Careers

Job description:

Key Responsibilities

• Open-source and non-open-source software analysis: Analyze various software packages and create pattern signatures to enable our vulnerability scanning engine to detect these components in automotive firmware images.
• Operating system research: Investigate a broad range of operating systems (e.g., Linux distributions, Android Automotive, QNX, real-time operating systems) and develop recognition patterns that identify software packages and components from these operating systems in automotive firmware.
• AI-powered problem solving: Apply artificial intelligence (AI) and machine learning (ML) techniques to solve complex cybersecurity and reverse-engineering challenges. Use AI-driven approaches to improve pattern recognition, anomaly detection, or automation in the firmware analysis process.
• Automotive stack investigation: Research software stacks, frameworks, and components commonly used in automotive electronic control unit (ECU) development (e.g., infotainment systems, telematics, AUTOSAR components, communication protocols). Leverage this knowledge to enhance our scanning engine’s ability to recognize and assess those components in firmware.
• Innovative threat research: Tackle novel and undefined challenges in automotive cybersecurity through independent research and innovation. Experiment with new methods to analyze firmware, discover vulnerabilities, and contribute findings that shape our product’s capabilities.
• Tool development and automation: Write and maintain Python tools and scripts to automate the above tasks.

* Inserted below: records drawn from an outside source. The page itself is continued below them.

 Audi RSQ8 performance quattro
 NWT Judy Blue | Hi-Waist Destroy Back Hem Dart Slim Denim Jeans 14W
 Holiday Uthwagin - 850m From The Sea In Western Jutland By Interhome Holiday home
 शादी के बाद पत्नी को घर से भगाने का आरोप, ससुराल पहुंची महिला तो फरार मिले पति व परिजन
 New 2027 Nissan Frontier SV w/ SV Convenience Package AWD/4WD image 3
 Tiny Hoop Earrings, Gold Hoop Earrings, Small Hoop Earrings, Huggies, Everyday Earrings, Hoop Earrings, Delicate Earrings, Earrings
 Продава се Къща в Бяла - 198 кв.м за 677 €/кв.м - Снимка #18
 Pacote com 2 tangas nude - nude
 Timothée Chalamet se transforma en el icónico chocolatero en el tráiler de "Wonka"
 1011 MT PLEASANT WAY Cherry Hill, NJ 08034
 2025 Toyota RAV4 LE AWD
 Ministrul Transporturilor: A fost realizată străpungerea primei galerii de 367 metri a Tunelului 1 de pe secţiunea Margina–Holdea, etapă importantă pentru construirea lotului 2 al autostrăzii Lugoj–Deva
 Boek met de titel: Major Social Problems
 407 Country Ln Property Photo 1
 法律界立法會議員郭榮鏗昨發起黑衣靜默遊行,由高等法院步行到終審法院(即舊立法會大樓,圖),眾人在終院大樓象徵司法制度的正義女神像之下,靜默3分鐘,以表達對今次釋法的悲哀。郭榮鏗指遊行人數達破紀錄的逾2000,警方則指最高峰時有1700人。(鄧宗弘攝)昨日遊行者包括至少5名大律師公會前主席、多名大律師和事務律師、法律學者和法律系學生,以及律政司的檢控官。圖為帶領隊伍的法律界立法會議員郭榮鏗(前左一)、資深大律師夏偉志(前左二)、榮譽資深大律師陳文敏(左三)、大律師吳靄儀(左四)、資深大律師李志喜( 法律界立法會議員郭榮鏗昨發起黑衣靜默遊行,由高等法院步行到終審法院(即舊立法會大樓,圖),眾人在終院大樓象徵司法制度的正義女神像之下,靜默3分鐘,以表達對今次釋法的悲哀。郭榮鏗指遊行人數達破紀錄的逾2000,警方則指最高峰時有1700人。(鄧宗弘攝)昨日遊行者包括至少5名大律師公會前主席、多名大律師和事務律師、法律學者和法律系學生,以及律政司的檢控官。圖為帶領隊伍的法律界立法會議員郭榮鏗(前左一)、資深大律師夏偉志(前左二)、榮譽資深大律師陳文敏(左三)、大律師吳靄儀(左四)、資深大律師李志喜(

Develop supporting utilities for firmware unpacking, data parsing, pattern generation, and other research needs to streamline our vulnerability scanning and analysis workflow.
• Team culture and mindset: Embrace a spirit of openness, take initiative, and approach challenges with positivity and enthusiasm. Foster collaboration and contribute to a supportive and innovative engineering environment.

Qualifications

• Bachelor’s or master’s degree in computer science, electrical engineering, or a related field.
• 3+ years of experience in cybersecurity research, software vulnerability analysis, or reverse engineering. Automotive or embedded systems experience is preferred but not required.
• Proficiency in Python programming for scripting and tool development. Experience building automation tools or data analysis scripts to aid research efforts.
• Understanding of cybersecurity fundamentals and familiarity with reverse-engineering techniques. Hands-on experience with static and dynamic analysis tools (e.g., IDA Pro, Ghidra, Radare2) and debugging or disassembling software is highly beneficial.
• Knowledge of multiple operating systems and their internals, especially Linux/Unix-based systems. Familiarity with open-source software components and libraries (e.g., OpenSSL, BusyBox, embedded Linux utilities) and experience identifying them in firmware or binary images.
• Proactive initiative and self-driven learning. Ownership of tasks, continuous skill development, active pursuit of new knowledge, and engagement with a learning-focused culture.
• Collaboration and team adaptability. Effective teamwork, cross-functional communication, flexibility in dynamic environments, and resilience in fast-paced conditions.
• Innovation and creative problem-solving: Generation of new ideas, proactive identification of improvement opportunities, enhancement of research processes, and development of forward-thinking solutions.
• AI/ML aptitude (preferred but not required). Exposure to or experience with artificial intelligence (AI) and machine learning (ML) techniques in the context of security or data analysis. Willingness to learn and apply AI/ML models to pattern recognition or anomaly detection problems.
• Domain familiarity (preferred but not required): Understanding of automotive systems or protocols (e.g., CAN bus, OTA updates, ECU development processes) and knowledge of automotive industry standards. Experience with vulnerability scanners, software composition analysis tools, or writing signature rules (e.g., YARA).